Text | engl. | Abbildungen



Artists: Alessandro Biggio, Lucía Simón Medina

The artists in the exhibition Time Signatures examine and deal with temporality. For Lucía Simón Medina (b. 1987) and Alessandro Biggio (b. 1974) the final work is of less importance than the process and development of the work. The often repetitive process of making art, which at times seems almost ritualistic, becomes the subject of aesthetic reflection. The work constitutes itself in incremental steps and develops over a long period of time—through notations in librettos based on prime number series with Medina or through sculptural layerings of ash with Biggio. With both artists, the temporal becomes recognizable as the actual material of artistic activity. Both Medina and Biggio also reference the elemental, or forms of the natural, albeit in a broad sense: Biggio makes actual use of natural, albeit uncommon materials, such as the ashes of burned leaves, while Medina’s work is based on the numerical, number series, and their inherent order.

The exhibition Time Signatures presents—and this is a special feature of the long-standing cooperative arrangement between the Galerie Stadtpark and AIR-ARTIST IN RESIDENCE Lower Austria—not one, but two program guests. While Berlin-based, Spanish artist Lucía Simón Medina will be an AIR guest through the end of September, Sardinian artist Alessandro Biggio spent summer 2017 as guest of the international exchange program run since 2000 by the Province of Lower Austria in Krems.

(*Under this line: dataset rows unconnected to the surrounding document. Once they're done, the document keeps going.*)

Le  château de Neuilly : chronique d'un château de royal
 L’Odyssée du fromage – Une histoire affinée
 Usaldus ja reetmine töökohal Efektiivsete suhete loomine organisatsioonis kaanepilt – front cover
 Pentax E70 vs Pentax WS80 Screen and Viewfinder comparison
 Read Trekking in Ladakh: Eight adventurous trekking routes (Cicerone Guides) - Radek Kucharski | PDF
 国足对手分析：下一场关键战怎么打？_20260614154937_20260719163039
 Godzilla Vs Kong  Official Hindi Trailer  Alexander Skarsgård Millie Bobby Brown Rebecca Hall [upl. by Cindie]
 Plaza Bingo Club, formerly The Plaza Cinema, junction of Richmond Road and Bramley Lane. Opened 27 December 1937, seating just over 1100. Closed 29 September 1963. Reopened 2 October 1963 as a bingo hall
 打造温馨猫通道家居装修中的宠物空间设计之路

From a distance, references to Arte Povera as well as Conceptual art are evident in the works of Lucía Simón Medina and Alessandro Biggio. Biggio’s focus on material transformation and Medina’s transcoding of the numerical into the poetic and musical can certainly be read as conceptual or idea-based. Process and material transformation are always of greater importance than the final work, than what’s ostensibly represented. Artistic interest is directed primarily towards the immaterial, the fleeting, towards traces and notations of temporalization, towards signatures of the temporal itself.

Lucía Simón Medina’s aesthetic practice operates along the interfaces of language, logic, mathematics, and the musical. The artist attempts to transfer and at the same time subtly deconstruct one discipline into another. Here Medina makes use of mathematics without approaching things mathematically. She is not concerned with juxtaposing, for instance, the rational and epistemically indistinct or the aesthetic, or vice versa. Rather, she is interested in how one (knowledge) medium is transferred into another. In the encounter between the rational and aesthetic, intuitively ascertainable, perceptual events, she seeks out a pre-linguistic moment, the state just prior to which the pre-verbal congeals into words.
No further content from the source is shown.